**Records for the exercise**
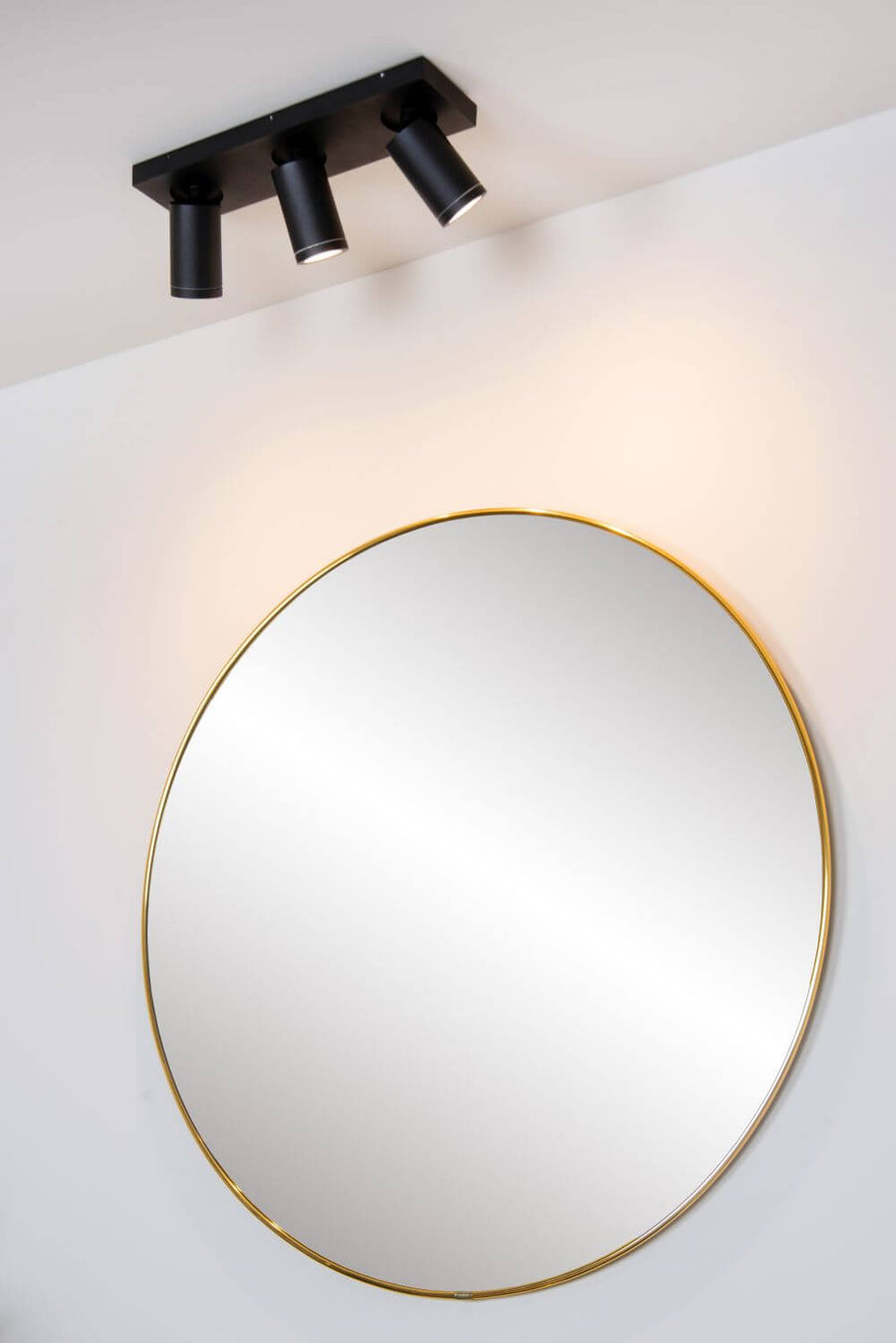 Vue en contre-plongée du plafonnier, spots braqués vers le miroir doré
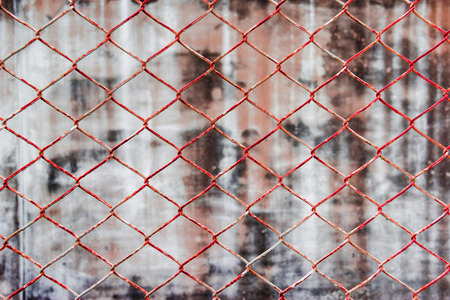 Chainlink fence against wall backgroundの写真素材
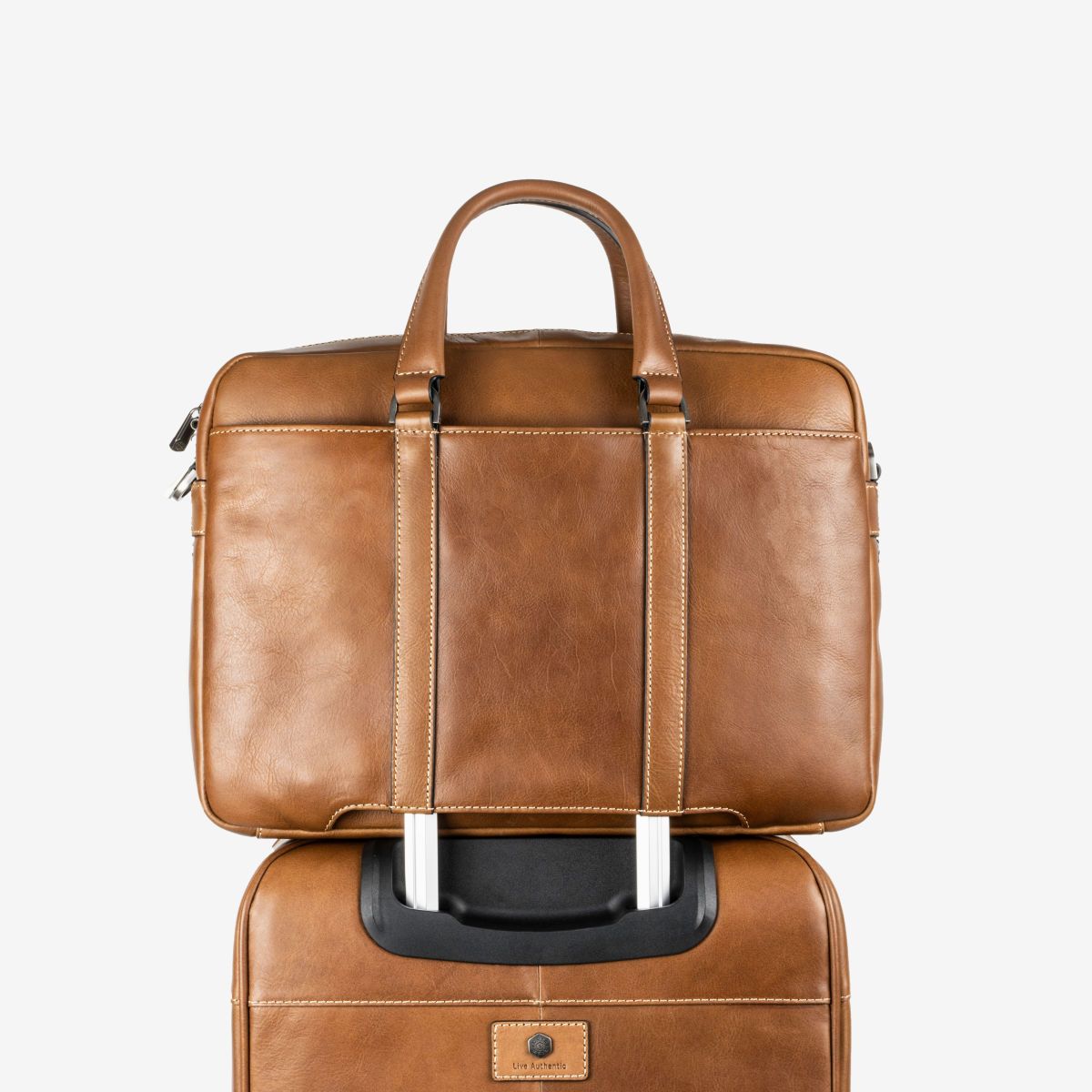 Jekyll &amp; Hide laptop case shown with a matching leather rolly-suitcase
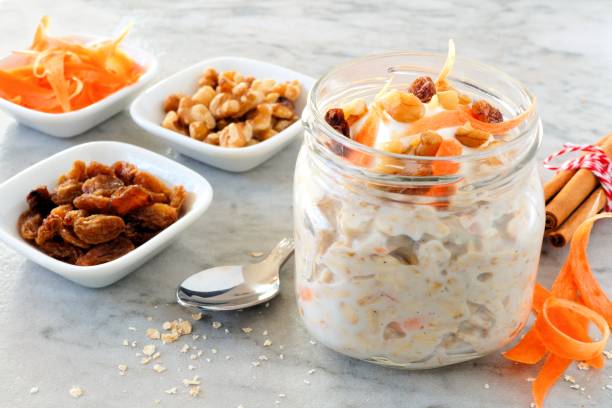 istock Carrot overnight oats with nuts and raisins in a mason jar on marble 836662458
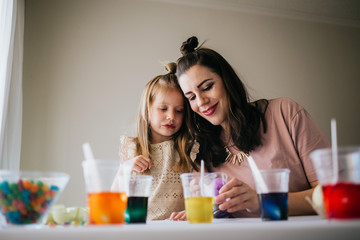 Mother and Daughter Painting Easter Eggs together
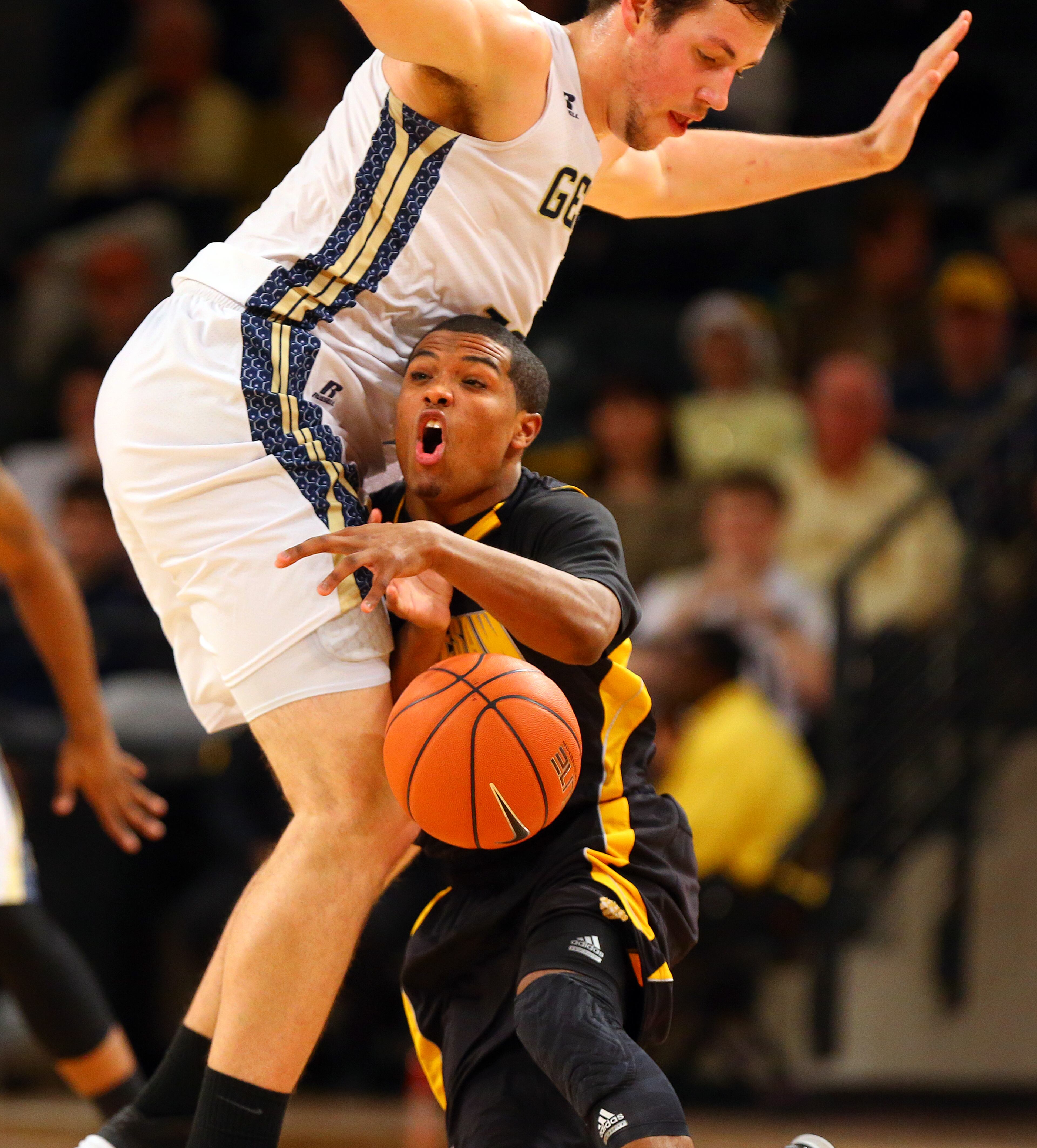 Kennesaw State Owls guard Yonel Brown turns the ball over as he collides with Georgia Tech defender cneter Daniel Miller during the first half of a college basketball game on Monday, Dec. 16, 2013, in Atlanta.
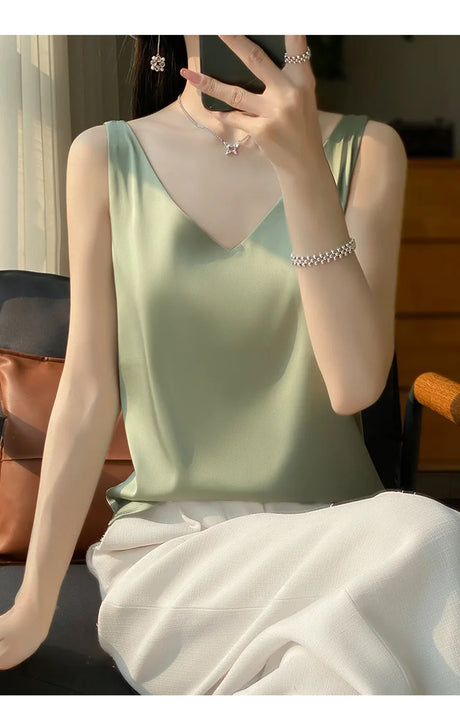 Model wearing a green satin V-neck camisole, showcasing summer style and comfort.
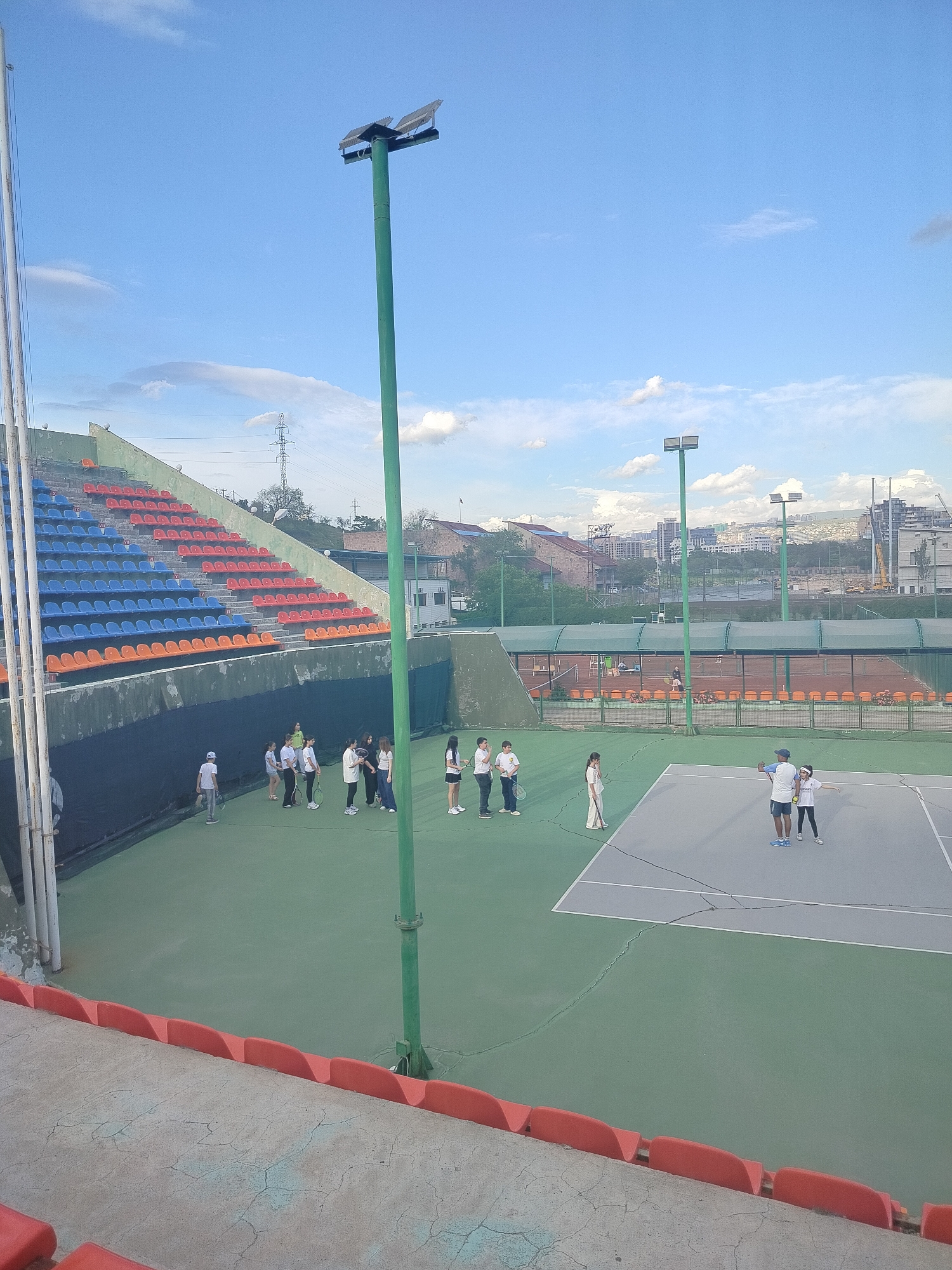 The image depicts a tennis court with an audience stand in Yerevan, Armenia. The stand has rows of red, blue, and orange seats. A group of about ten people stand on the court, appearing to be receiving instruction from a coach. Another court is visible in the background, with a canopy and additional players. Beyond the tennis courts, the urban landscape of Yerevan is visible, with buildings and a construction crane. The sky is blue with scattered clouds. Tall, green lampposts are positioned around the tennis court.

**Your task**
Print the lines from the one that contains "Kennesaw State Owls" through the final line of the material above, exactly and only those, with pictures left out.

**Finished exercise**
 Kennesaw State Owls guard Yonel Brown turns the ball over as he collides with Georgia Tech defender cneter Daniel Miller during the first half of a college basketball game on Monday, Dec. 16, 2013, in Atlanta.
 Model wearing a green satin V-neck camisole, showcasing summer style and comfort.
 The image depicts a tennis court with an audience stand in Yerevan, Armenia. The stand has rows of red, blue, and orange seats. A group of about ten people stand on the court, appearing to be receiving instruction from a coach. Another court is visible in the background, with a canopy and additional players. Beyond the tennis courts, the urban landscape of Yerevan is visible, with buildings and a construction crane. The sky is blue with scattered clouds. Tall, green lampposts are positioned around the tennis court.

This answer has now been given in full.